_What you are asked to do_:
Below are the records; copy exactly the stretch from the line containing "Medium property photo" through the line containing "This Shroom Beach", both ends included, and nothing else.

_Exercise materials_:

>>>>>

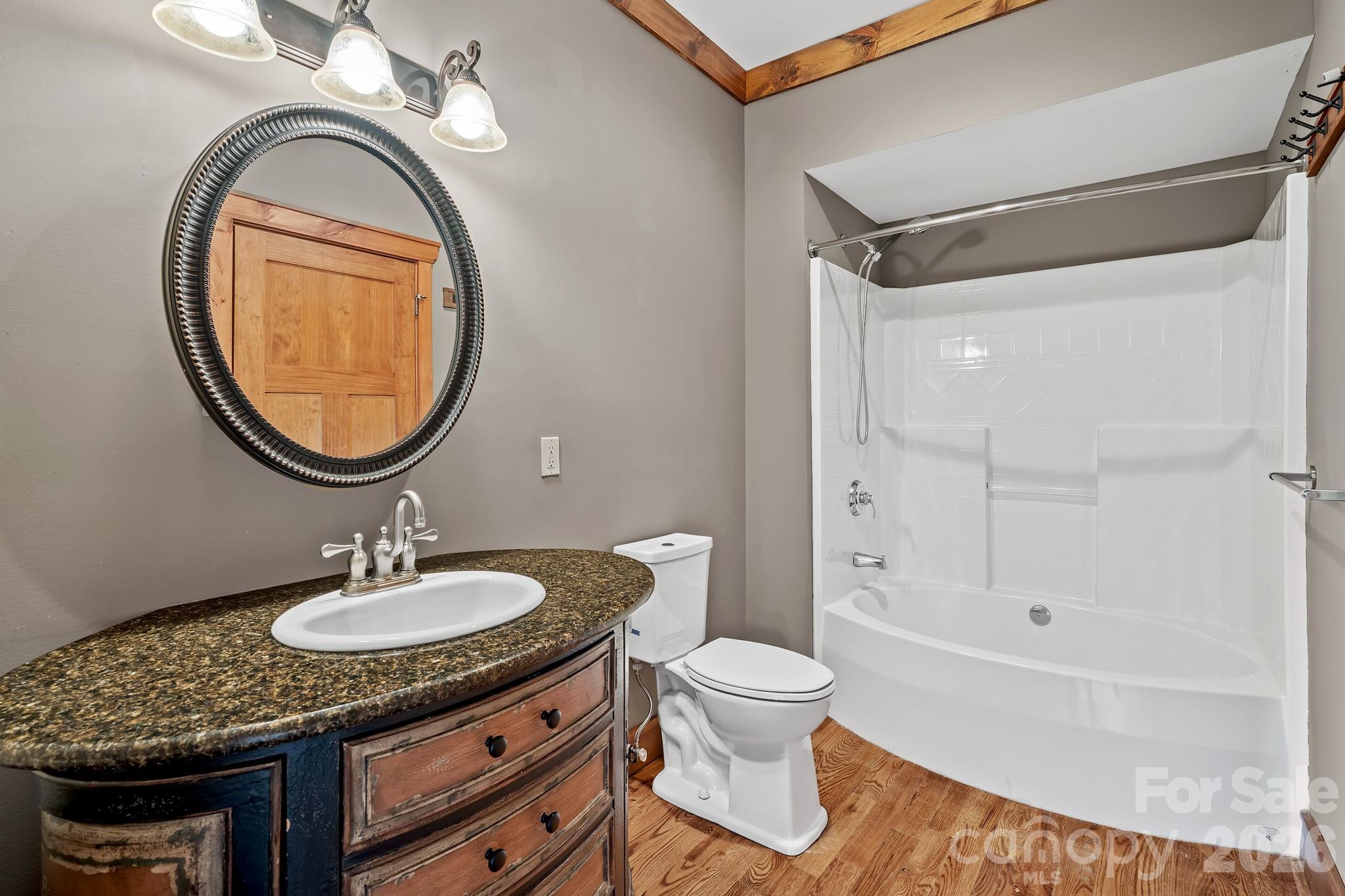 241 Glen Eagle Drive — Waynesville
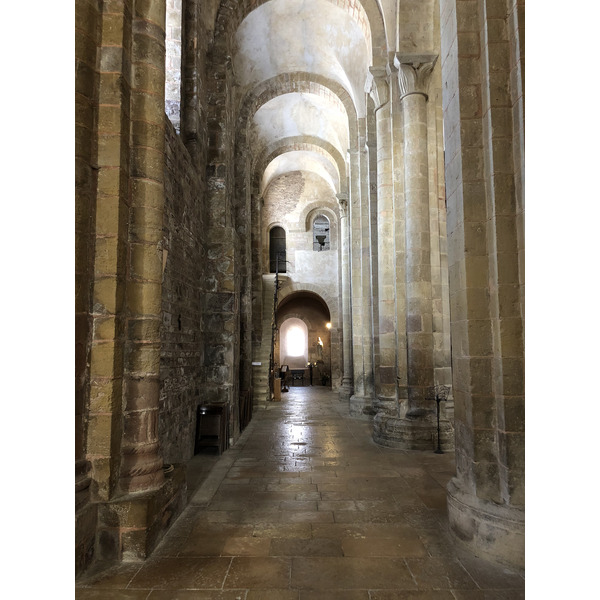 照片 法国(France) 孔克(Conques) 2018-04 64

<<<<<
>>>>>

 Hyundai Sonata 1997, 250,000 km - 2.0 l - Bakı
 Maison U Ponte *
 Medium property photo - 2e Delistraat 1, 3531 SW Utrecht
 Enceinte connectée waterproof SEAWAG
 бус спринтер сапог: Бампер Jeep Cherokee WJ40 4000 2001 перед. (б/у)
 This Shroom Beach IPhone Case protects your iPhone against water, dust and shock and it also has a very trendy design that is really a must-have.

<<<<<
>>>>>

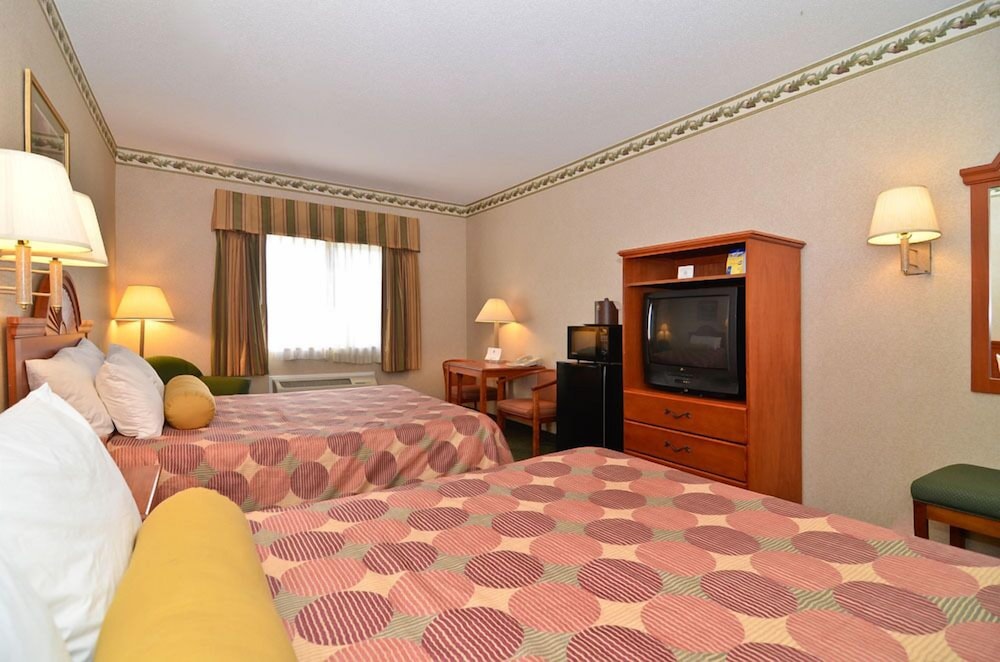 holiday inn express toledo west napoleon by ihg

<<<<<

_Answer area_:
 Medium property photo - 2e Delistraat 1, 3531 SW Utrecht
 Enceinte connectée waterproof SEAWAG
 бус спринтер сапог: Бампер Jeep Cherokee WJ40 4000 2001 перед. (б/у)
 This Shroom Beach IPhone Case protects your iPhone against water, dust and shock and it also has a very trendy design that is really a must-have.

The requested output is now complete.